Recht op omgang

Recht op omgang
Geschreven door Michelle Plompen

Familierecht speelt een grote rol in deze maatschappij. Vooral als er kinderen bij zijn betrokken.

Ouders hebben recht op omgang met het kind. Het kan voorkomen dat ouders gaan scheiden waardoor het kind bij een van de ouders gaat wonen of een kind kan uit huis worden geplaatst. Ook dan heeft een ouder recht op omgang. Zelfs een niet met het gezag belaste ouder heeft recht op omgang.

Op het moment dat de ouder het gezag heeft over het kind, is de ouder verplicht om het minderjarige kind te verzorgen en op te voeden. Het is namelijk het kind van de ouder, ook al woont het kind niet bij de ouder of heeft de ouder het gezag niet.
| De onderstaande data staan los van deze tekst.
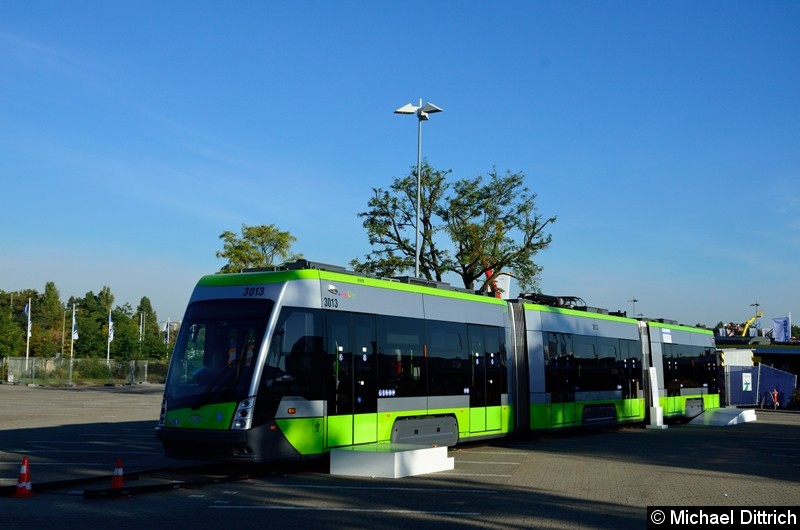 Bild: Dieser Tramino ist für die polnische Stadt Olstzyn.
Het is de bedoeling dat de ouder zoveel mogelijk betrokken blijft bij de opvoeding van het kind.

Op grond van art. 1:377a lid 1 BW heeft het kind recht op omgang met zijn ouders en met diegene die in een nauwe persoonlijke betrekking tot hem staat. De niet met het gezag belaste ouder heeft het recht op en de verplichting tot omgang met zijn kind.

De rechter stelt op verzoek van de ouders of van een van hen of degene die in een nauwe persoonlijke betrekking staat tot het kind, al dan niet voor bepaalde tijd, een regeling inzake de uitoefening van het omgangsrecht vast dan wel ontzegt, al dan niet voor bepaalde tijd, het recht op omgang op grond van art. 1:377a lid 2 BW.
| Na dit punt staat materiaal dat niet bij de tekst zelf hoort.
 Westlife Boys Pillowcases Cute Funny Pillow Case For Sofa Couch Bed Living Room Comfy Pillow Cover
Hoe zit het met de omgang van het kind met een niet met het gezag belaste ouder?
Als een ouder geen gezag meer heeft over het kind, hebben zij niet meer de bevoegdheid om het kind te verzorgen en op te voeden. Wel heeft ouder en kind recht op omgang met elkaar. Dit wordt gewaarborgd door art. 8 EVRM en art. 1:377a lid 1 BW. Iedereen heeft namelijk recht op respect voor zijn privé leven en zijn familie- en gezinsleven.
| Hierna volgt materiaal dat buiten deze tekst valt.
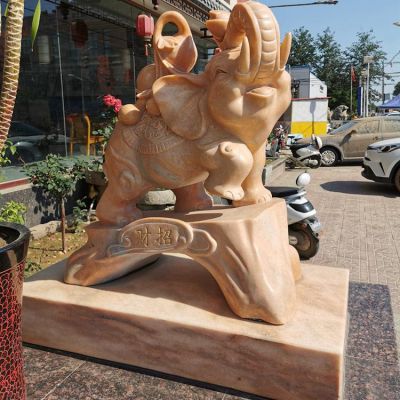 招財進寶石雕小象是怎么制作出來的？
Er kunnen bepaalde situaties zijn waardoor omgang niet meer gewenst is tussen het kind en de ouder.  De rechter kan op grond van art. 1:377a lid 3 BW omgang ontzeggen, indien:

  1. omgang ernstig nadeel zou opleveren voor de geestelijke of lichamelijke ontwikkeling van het kind, of
  2. de ouder of degene die in een nauwe persoonlijke betrekking staat tot het kind kennelijk ongeschikt of kennelijk niet in staat moet worden geacht tot omgang, of
  3. het kind dat twaalf jaren of ouder is, bij zijn verhoor van ernstige bezwaren tegen omgang met zijn ouder of met degene met wie hij in een nauwe persoonlijke betrekking staat heeft doen blijken, of
  4. omgang anderszins in strijd is met zwaarwegende belangen van het kind.

Zelf vind ik het heel belangrijk dat een ouder en kind omgang hebben. Het gaat om het belang en welzijn van het kind, maar ook van de ouder. Omgang zorgt er namelijk voor dat het kind een band kan blijven opbouwen met de ouder.